» Task to complete
Restate the entries below exactly, and keep all images out of the answer.

» Provided records

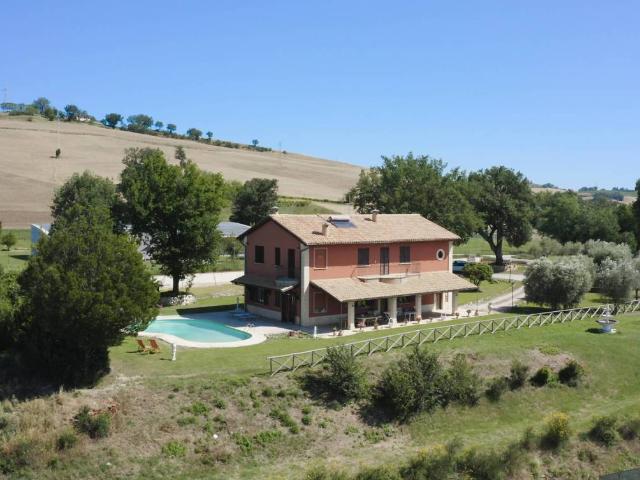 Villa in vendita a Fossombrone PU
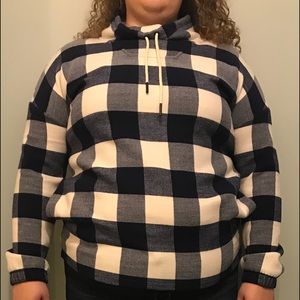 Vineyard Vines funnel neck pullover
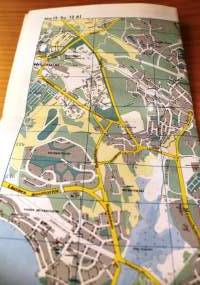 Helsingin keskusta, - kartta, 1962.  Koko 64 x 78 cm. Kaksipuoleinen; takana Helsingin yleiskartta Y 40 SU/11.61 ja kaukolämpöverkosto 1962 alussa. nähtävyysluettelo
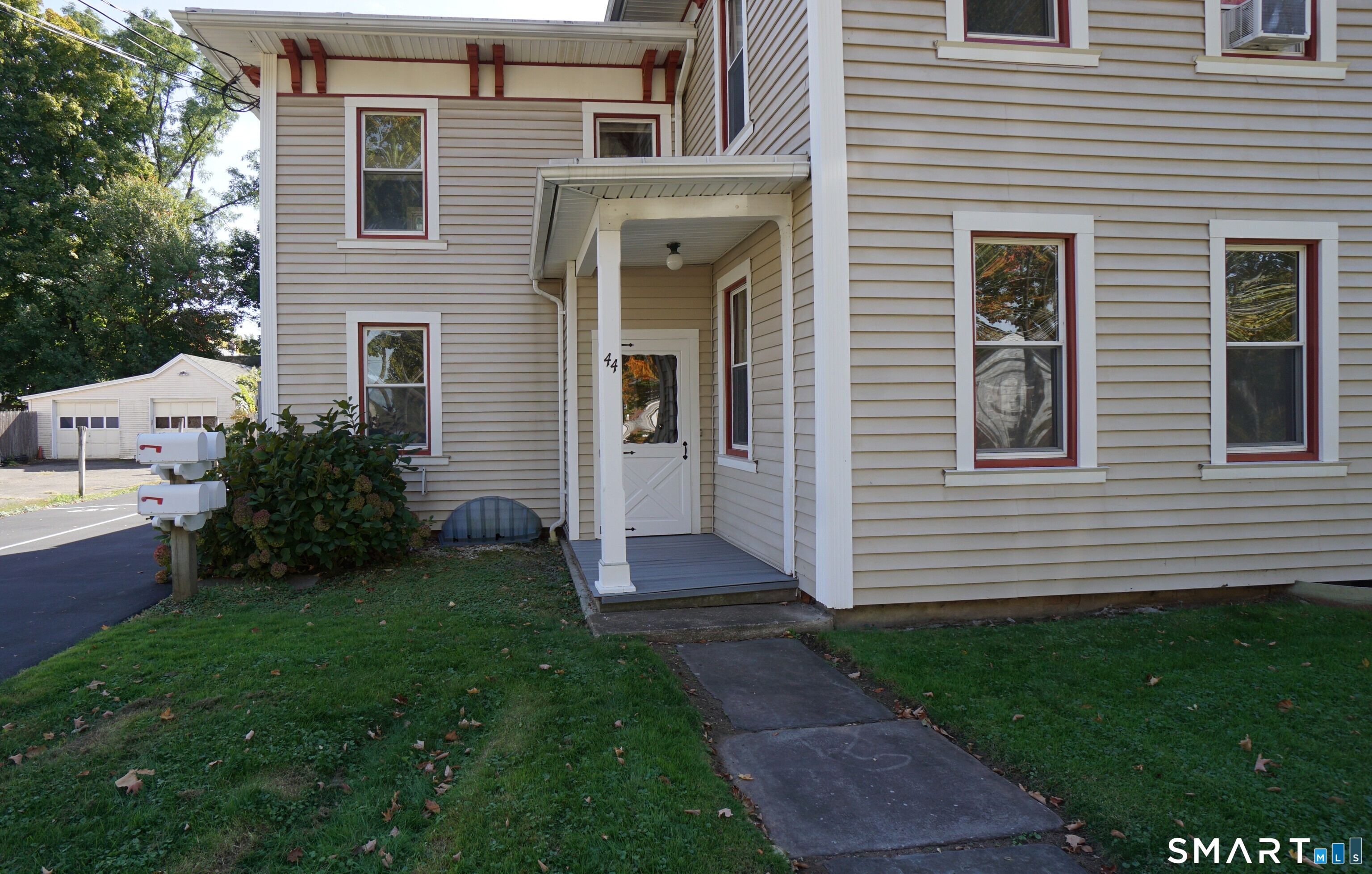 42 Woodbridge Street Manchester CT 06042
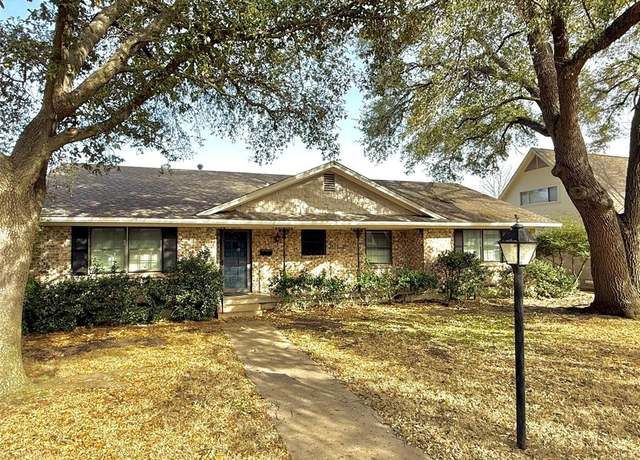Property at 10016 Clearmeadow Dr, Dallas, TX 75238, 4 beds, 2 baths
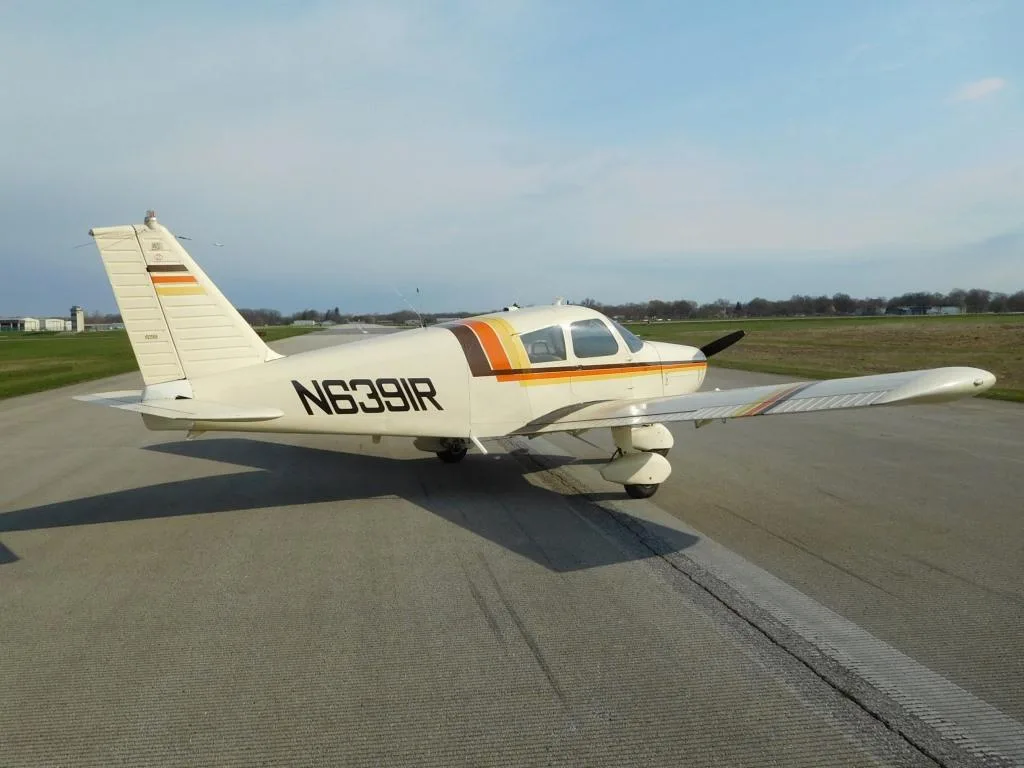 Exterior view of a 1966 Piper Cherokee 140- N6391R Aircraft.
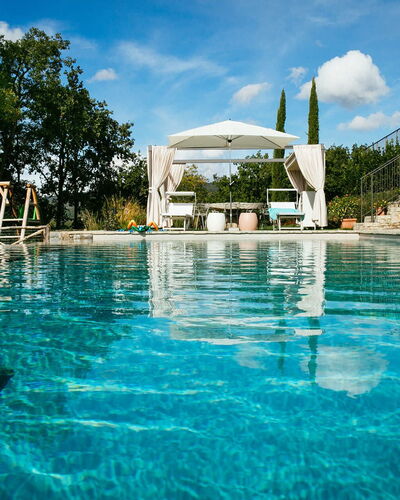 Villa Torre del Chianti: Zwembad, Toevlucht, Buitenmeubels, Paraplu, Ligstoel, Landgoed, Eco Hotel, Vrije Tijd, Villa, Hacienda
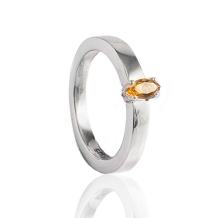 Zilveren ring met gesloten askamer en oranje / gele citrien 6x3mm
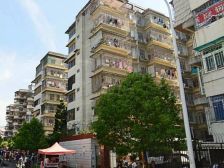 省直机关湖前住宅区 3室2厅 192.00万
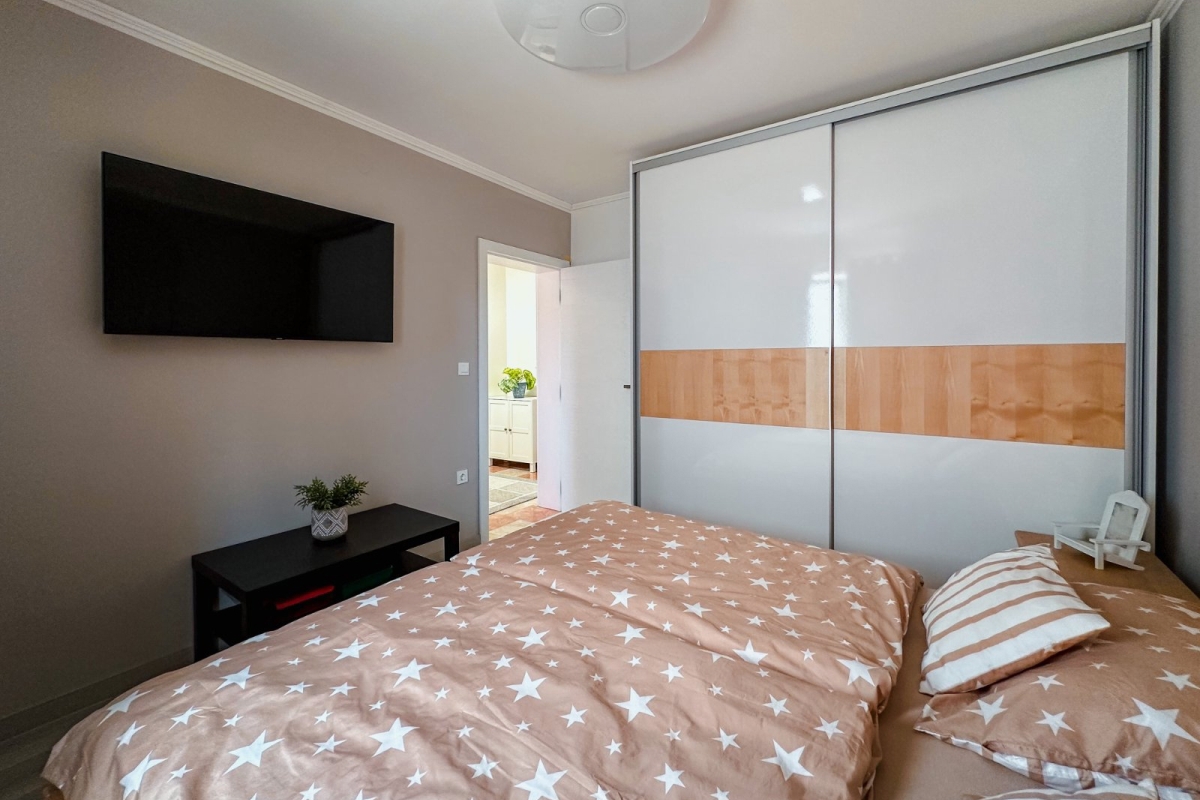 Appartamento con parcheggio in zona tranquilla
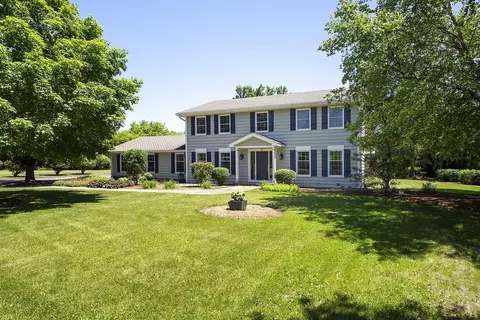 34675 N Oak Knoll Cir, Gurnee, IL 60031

» Task solution
 Villa in vendita a Fossombrone PU
 Vineyard Vines funnel neck pullover
 Helsingin keskusta, - kartta, 1962.  Koko 64 x 78 cm. Kaksipuoleinen; takana Helsingin yleiskartta Y 40 SU/11.61 ja kaukolämpöverkosto 1962 alussa. nähtävyysluettelo
 42 Woodbridge Street Manchester CT 06042
Property at 10016 Clearmeadow Dr, Dallas, TX 75238, 4 beds, 2 baths
 Exterior view of a 1966 Piper Cherokee 140- N6391R Aircraft.
 Villa Torre del Chianti: Zwembad, Toevlucht, Buitenmeubels, Paraplu, Ligstoel, Landgoed, Eco Hotel, Vrije Tijd, Villa, Hacienda
 Zilveren ring met gesloten askamer en oranje / gele citrien 6x3mm
 省直机关湖前住宅区 3室2厅 192.00万
 Appartamento con parcheggio in zona tranquilla
 34675 N Oak Knoll Cir, Gurnee, IL 60031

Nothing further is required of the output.